Maria Luísa Torres Rolim
"O
real objetivo desse texto é exprimir os anseios de uma aluna do terceiro semestre de Licenciatura em Artes Visuais em relação ao futuro dela e de seus
futuros alunos – se chegar a tê-los".
Distância.
Hoje sei que a distância pode ser desenhada, pintada, esculpida, dançada,
cantada, tocada e encenada. A pergunta que perdura é o porquê só me lembro de
ser instruída a lê-la, escrevê-la e, mais tarde, calcula-la na escola.
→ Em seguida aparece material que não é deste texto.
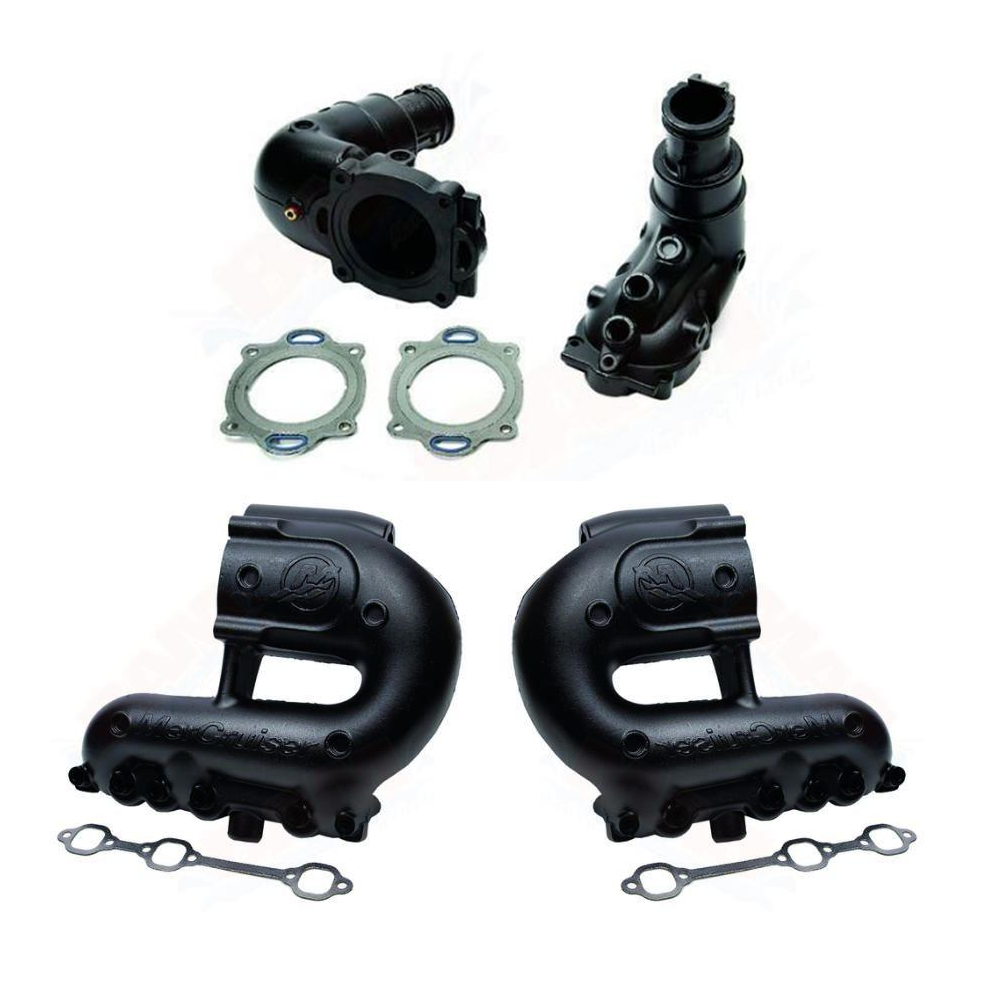 OEM MerCruiser EC Exhaust Manifold & Riser Kit – 4.3 & 4.5 V6 (2010+) – 8M0104216 / 8M0104214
Nos anos
80 as pesquisas em arte-educação avançaram no Brasil e, mesmo que tardiamente,
em 1996, oficialmente, a arte entrava para o currículo do ensino fundamental.
Um ano depois é contemplada pelos Parâmetros Curriculares Nacionais (PCNs) sob
a abordagem triangular –apreciação,
produção e contextualização – de Ana Mae. Não obstante aos fatos, o que
vivi enquanto aluna do ensino básico
é inegável. Quando pequena, a arte me era apresentada unicamente no formato
procedimental e sua finalidade era sempre a produção de um trabalho modelar
para o dia árvore ou para o dia das mães. Ao crescer, aprendi que arte é tudo
aquilo que é uno, original, manual, autoral, expositivo e belo.
Em
sua explanação referindo-se ao capital
humano, Frigotto (1993) levanta a questão anti-hegeliana que Marx tinha ao
apontar que o pensamento seria posterior à realidade. O pensar, portanto, é resultado
do contato humano com o real. Os conceitos que nutrimos são frutos de
pensamentos que, por sua vez, são significação do mundo. Partindo-se da crença
na falácia da neutralidade, abstrai-se que os conceitos ditos universais não o
são. Outrossim, as verdades conceituais
selecionadas para o ensino na escola não são inocentes, possuem, segundo
Frigotto, origem de classe. A conceituação de história da arte, por exemplo, é
dissipada através dos manuais e livros didáticos sob o olhar unicamente
ocidental e, mais especificamente, europeu.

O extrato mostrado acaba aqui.